Short text fragments from websites

****

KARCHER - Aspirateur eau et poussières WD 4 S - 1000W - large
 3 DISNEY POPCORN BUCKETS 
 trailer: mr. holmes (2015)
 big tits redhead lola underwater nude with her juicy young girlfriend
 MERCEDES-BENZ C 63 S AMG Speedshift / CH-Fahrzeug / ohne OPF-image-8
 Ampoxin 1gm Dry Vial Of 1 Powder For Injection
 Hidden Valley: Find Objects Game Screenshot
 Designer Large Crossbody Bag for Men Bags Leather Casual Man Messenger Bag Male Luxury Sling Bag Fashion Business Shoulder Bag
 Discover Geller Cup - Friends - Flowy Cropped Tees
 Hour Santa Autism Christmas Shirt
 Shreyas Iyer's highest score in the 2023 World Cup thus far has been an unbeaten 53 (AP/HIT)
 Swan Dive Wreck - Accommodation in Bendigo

****

### What the task requires:
Restate, word for word, the final stretch of the entries above: the line containing "Designer Large Crossbody" and every line after it, up to and including the last.

### Solved exercise:
 Designer Large Crossbody Bag for Men Bags Leather Casual Man Messenger Bag Male Luxury Sling Bag Fashion Business Shoulder Bag
 Discover Geller Cup - Friends - Flowy Cropped Tees
 Hour Santa Autism Christmas Shirt
 Shreyas Iyer's highest score in the 2023 World Cup thus far has been an unbeaten 53 (AP/HIT)
 Swan Dive Wreck - Accommodation in Bendigo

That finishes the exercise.